I ordered the extrusions and connecting hardware from 80/20 (8020.net). There are other suppliers, but 80/20 has a comprehensive catalog, and for each product they have a video on how to use it. Their customer service has also been great. (I have no connection with 80/20 nor any other supplier.) The cost for these parts, including shipping in the US, is about $250. They also have equivalent parts based on metric dimensions. The rubber feet, and hardware to attach them, came from a hardware store, and you can also get them from Amazon. See step 6 below.

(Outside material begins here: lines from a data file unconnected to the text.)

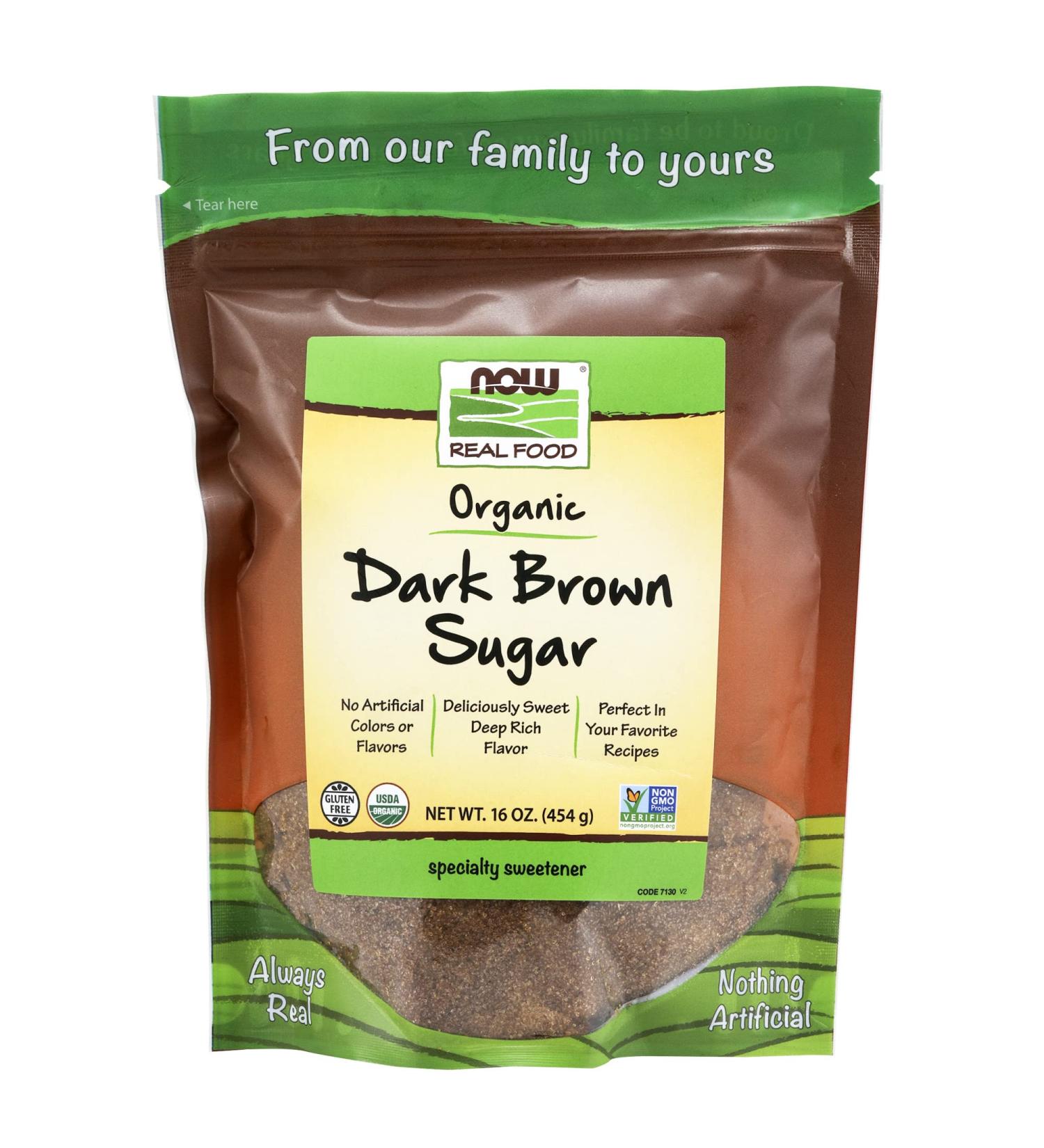 Now Foods Organic Dark Brown Sugar 16 oz | Real Food Sweetener - Buy Online on SooperMarket.com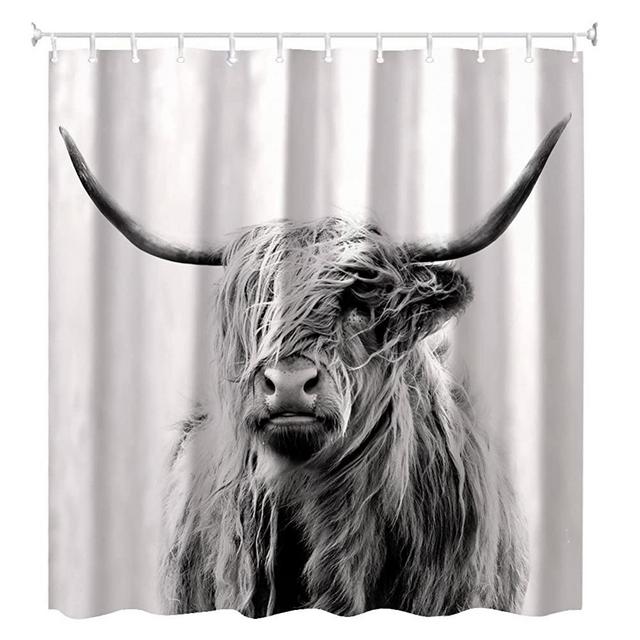 ZBLX Shower Curtain,Portrait of a Highland Cow 60 x 72inch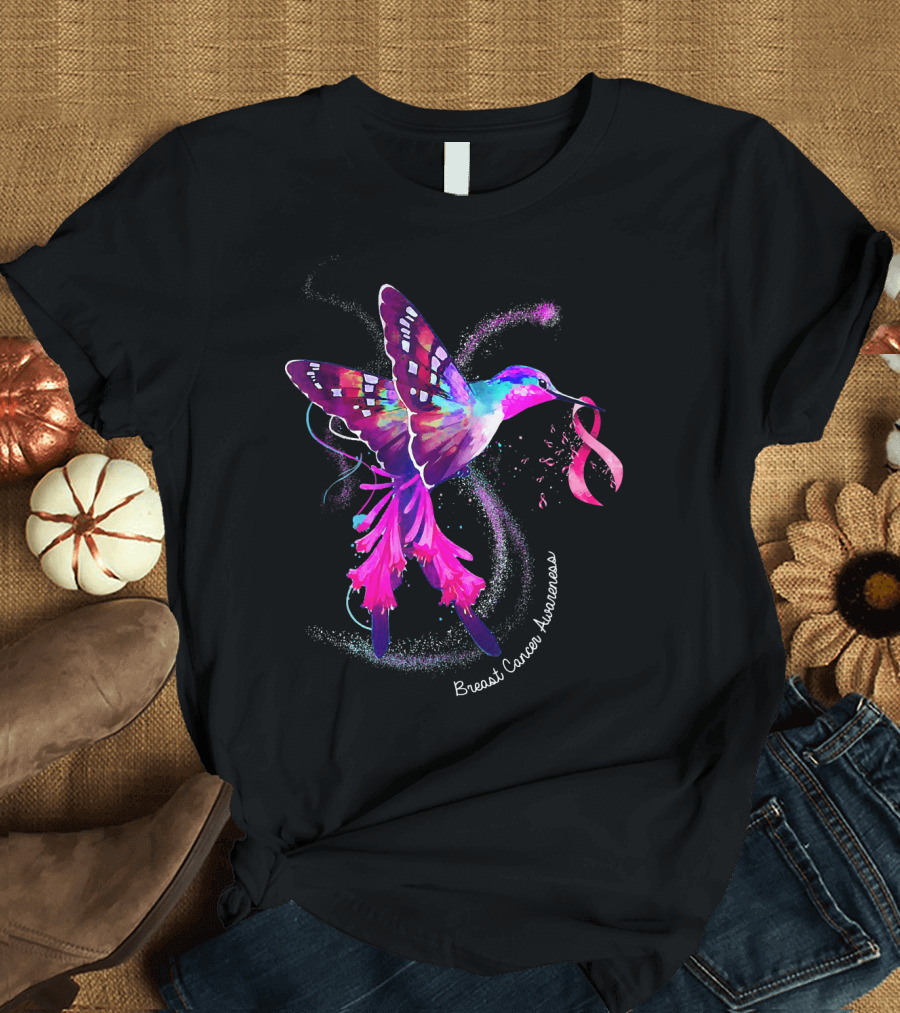 Hummingbird Breast Cancer Awareness Pink T-Shirt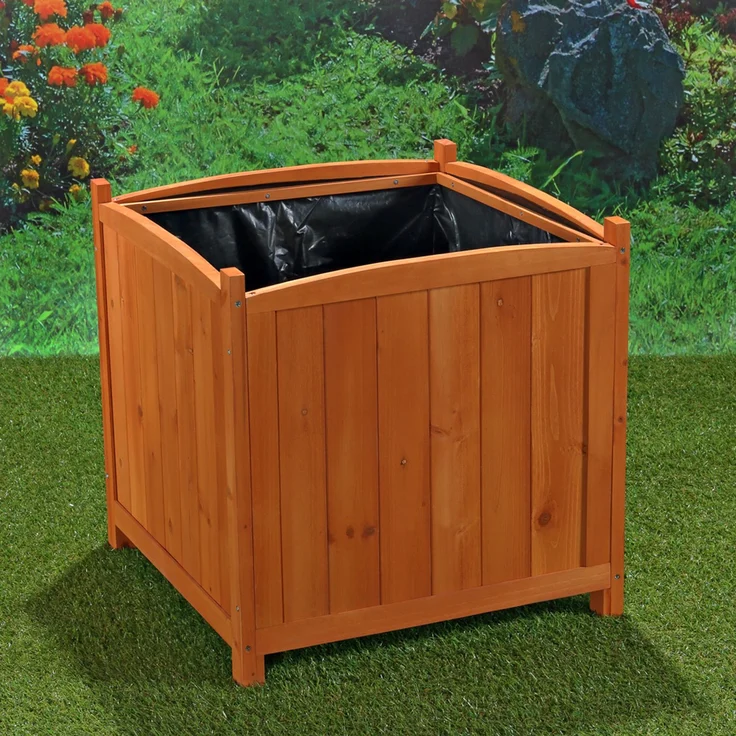 2x 50cm Garten Blumenkübel aus Holz Pflanzkasten Blumentrog Übertopf eckig NEU – Bild 5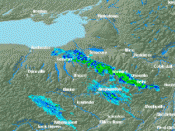 Animation of lake effect snow bands in Upstate New York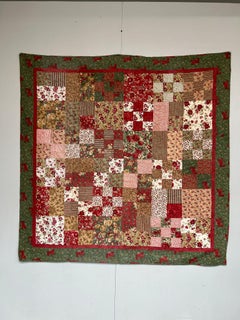 Antique French Crazy Patchwork Cotton Quilt — Excellent Condition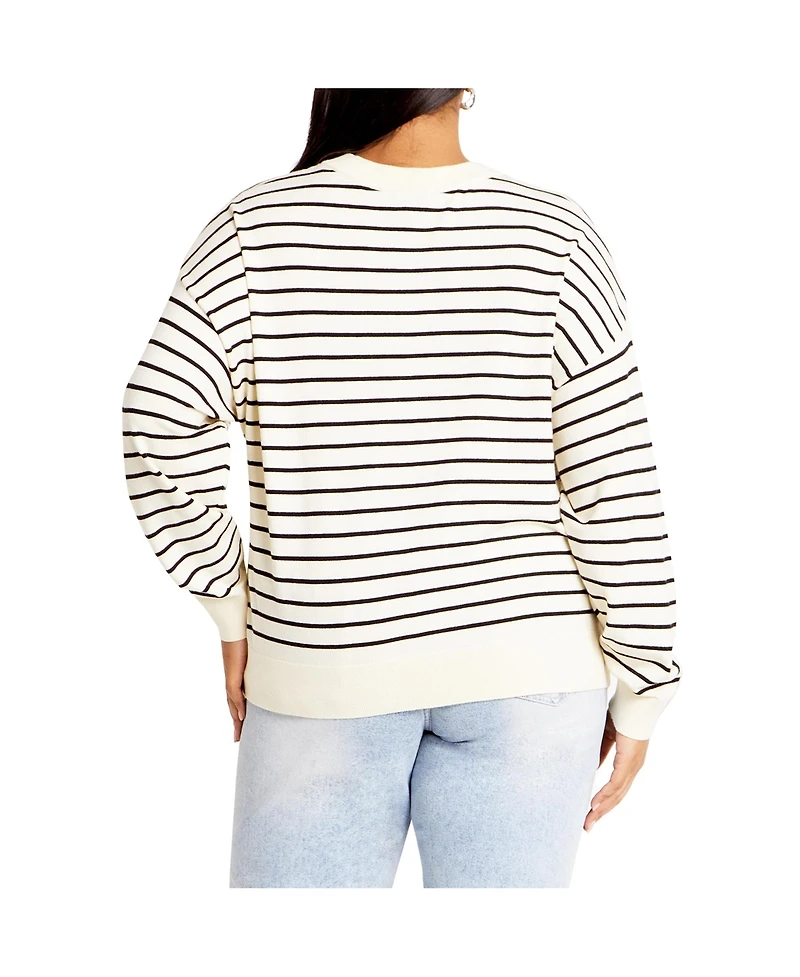 City Chic Plus Size Stripe Lilia Sweater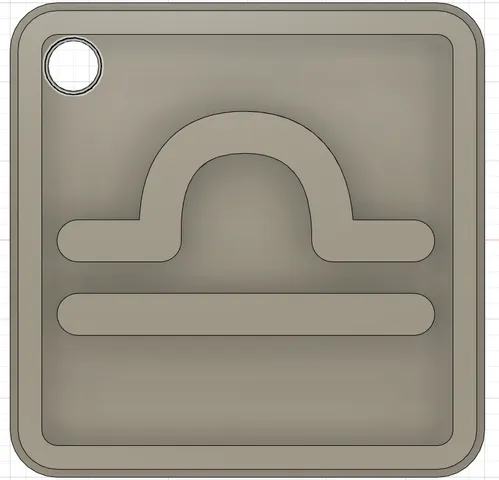 Keychain Tag Libra Zodiac Symbol 30x30 mm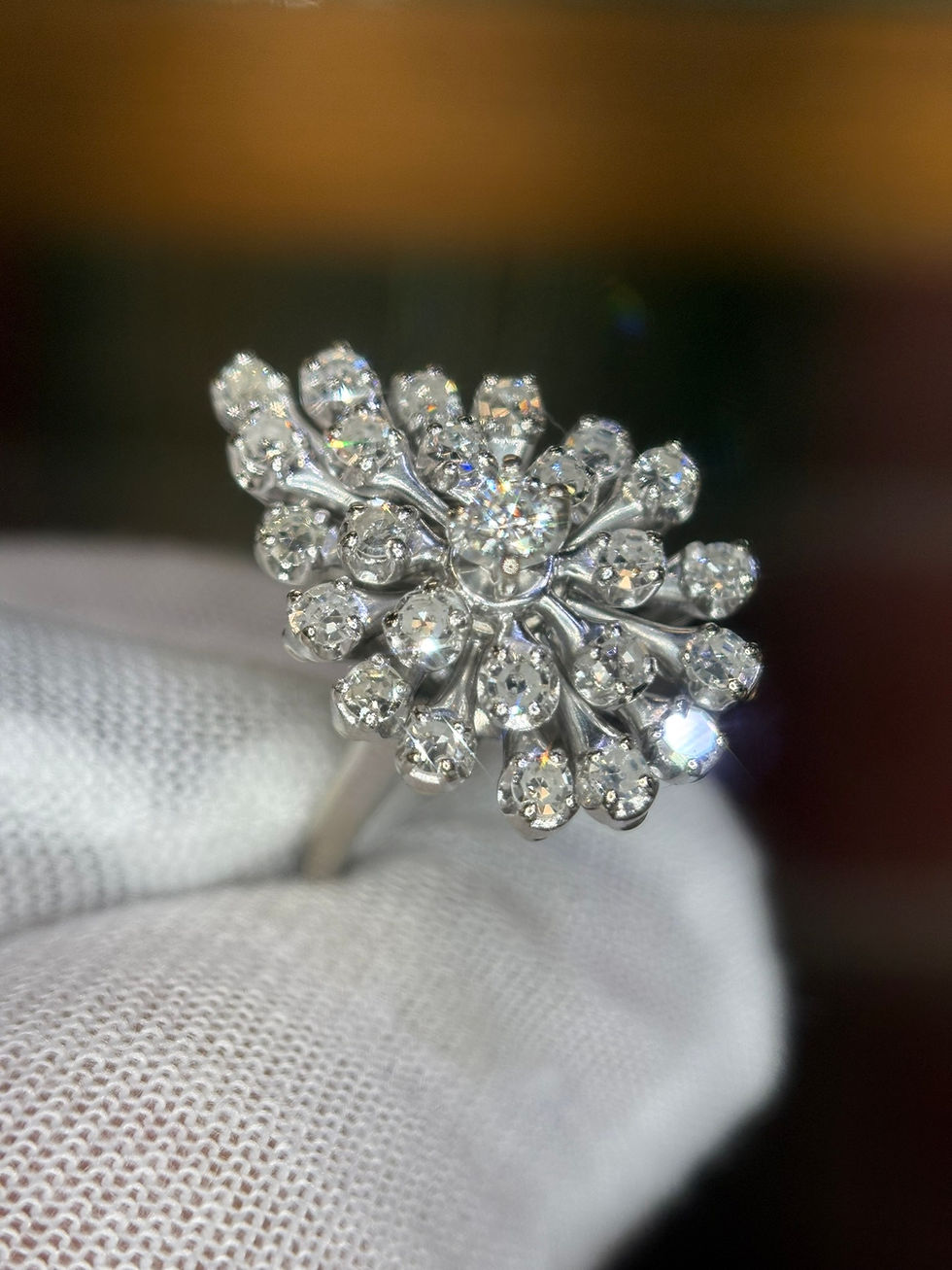 Thumbnail: 1.50CTTW natural diamond SI cluster ring in 14K white gold.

part | 80/20 part # | qty |
---|---|---|
horizontal rail | 1545‐S‐Black‐FB | 18” |
vertical rail | 1545‐S‐Black‐FB | 24” |
90° plate | 4326‐Black | 2 |
bolt for joining plate to rail | 3330 | 10 |
triple nut for joining plate to rail | 3285 | 4 |
bracket for front foot | 4332‐Black | 2 |
bracket for rear foot | 4336‐Black | 2 |
bolt/nut for joining front bracket to horizontal rail | 3320 | 2 |
bolt for joining rear bracket to horizontal rail | 3118 | 4 |
washer for joining rear bracket to horizontal rail | 3260 | 4 |
T‐nut for joining rear bracket to horizontal rail | 3278 | 2 |
sliding T‐nut for attaching accessories | 13054 | 10 |
end cap | 2046‐Plain | 3 |
Place the washer in the bracket and then drop the screw down through the washer, the bottom of the bracket, the fender washer, and the foot. From underneath, inside the recess in the foot, screw the nut onto the end of the screw. You might need a socket wrench or pliers to hold the nut, in addition to the hex key for the screw, to get the assembly tightened.
Attach a Haoge 400mm dual dovetail rail (Haoge HQR‐400) onto the vertical part of the stand. Dual (also called double) rails have dovetail profiles on both the top and bottom, so you can clamp onto either face. Use two or three screws to attach the dovetail rail to sliding T‐nuts in the stand. By putting the top surface of the dovetail rail against the vertical stand rail, the screws will be below the surface, and not interfere with the positioning of a clamp.
The dovetail rail comes with stop screws. Use one at the bottom to keep the camera from accidentally sliding off.
Use a double clamp (Sunwayfoto DDB‐53) to position the camera on the dovetail rail. One set of jaws clamps onto the dovetail rail, and the other clamps onto a quick release plate on the bottom of your camera. You can easily adjust the location of the clamp on the dovetail rail, and thus set the height of the camera above your subject matter.
Finally, attach a quick release plate to the bottom of the camera … …and you’re done.